NetEase-FuXi / EETQ

Easy and Efficient Quantization for Transformers
Apache License 2.0
157 stars 12 forks source link

how to dequant a EETQ model? #14

Closed mxjmtxrm closed 2 months ago

mxjmtxrm commented 2 months ago

Hi, if there is any function to dequant a int8 weight to fp16? or is there a way to dequant a EetqLinear back to a linear?

dtlzhuangz commented 2 months ago

Hi @mxjmtxrm. I think you probably want a backprob for EetqLinear. We have implemented an backprob function and it is under testing. #15 . Could you try to use it and give me a feedback?

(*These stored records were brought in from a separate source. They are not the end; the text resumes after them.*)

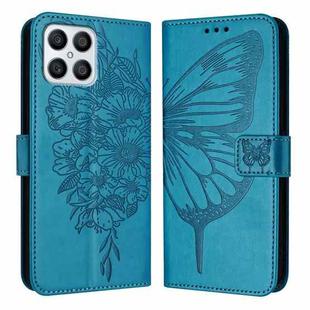 For Honor X8 4G / X30i / Play6T Pro Embossed Butterfly Leather Phone Case(Blue)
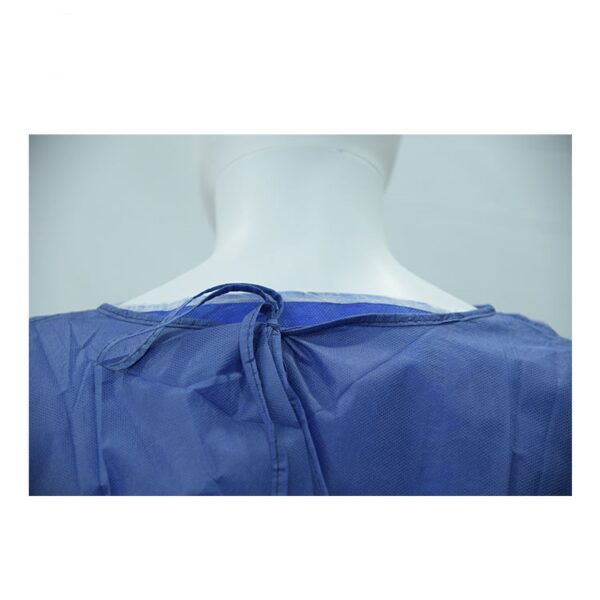 Blue Nonwoven Disposable Patient Gown with back tie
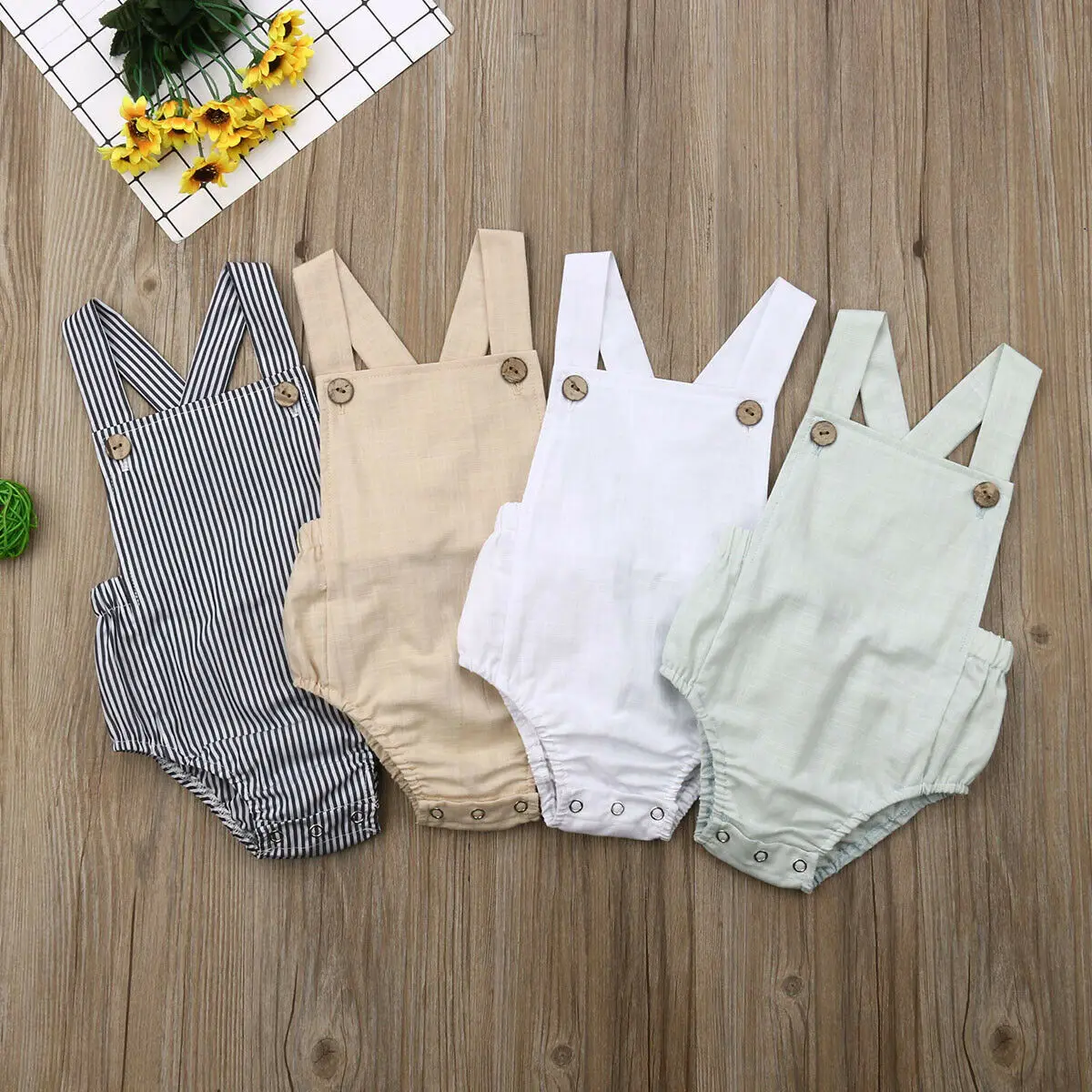 

4 Color Newborn Infant Baby Boy Girl Bodysuit Summer Button Jumpsuit Striped Casual Sleeveless Backless Solid Outfits Clothes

mxjmtxrm commented 2 months ago

No, I want a model with a precision of fp16 to run on my own framework to test the accuracy of EETQ quantization. So I need to dequant the int8 weights to fp16. I noticed that there are unprocessed_quantized_weight, processed_quantized_weight and scale in (https://github.com/NetEase-FuXi/EETQ/blob/5c08b064d89853b74e4fbd87057f74385c13352a/csrc/cutlass_kernels/fpA_intB_gemm_wrapper.cu#L106) What is the difference between these two weight? if the dequant weight==EetqLinear.weight * EetqLinear.weight_scales ?

dtlzhuangz commented 2 months ago

EETQ will change the layout via preprocess_weights_for_mixed_gemm to accelerate the memory access. The two kinds of weight are different. unprocessed_quantized_weight==EetqLinear.weight * EetqLinear.weight_scales. You can refer to the backward of https://github.com/NetEase-FuXi/EETQ/pull/15/files#diff-ca179e954c684327ef4fba983db3ed3965f5406ef9f922b12e55f897829823ecR83 for how to dequantize the weight

mxjmtxrm commented 2 months ago

Got it. Thanks a lot.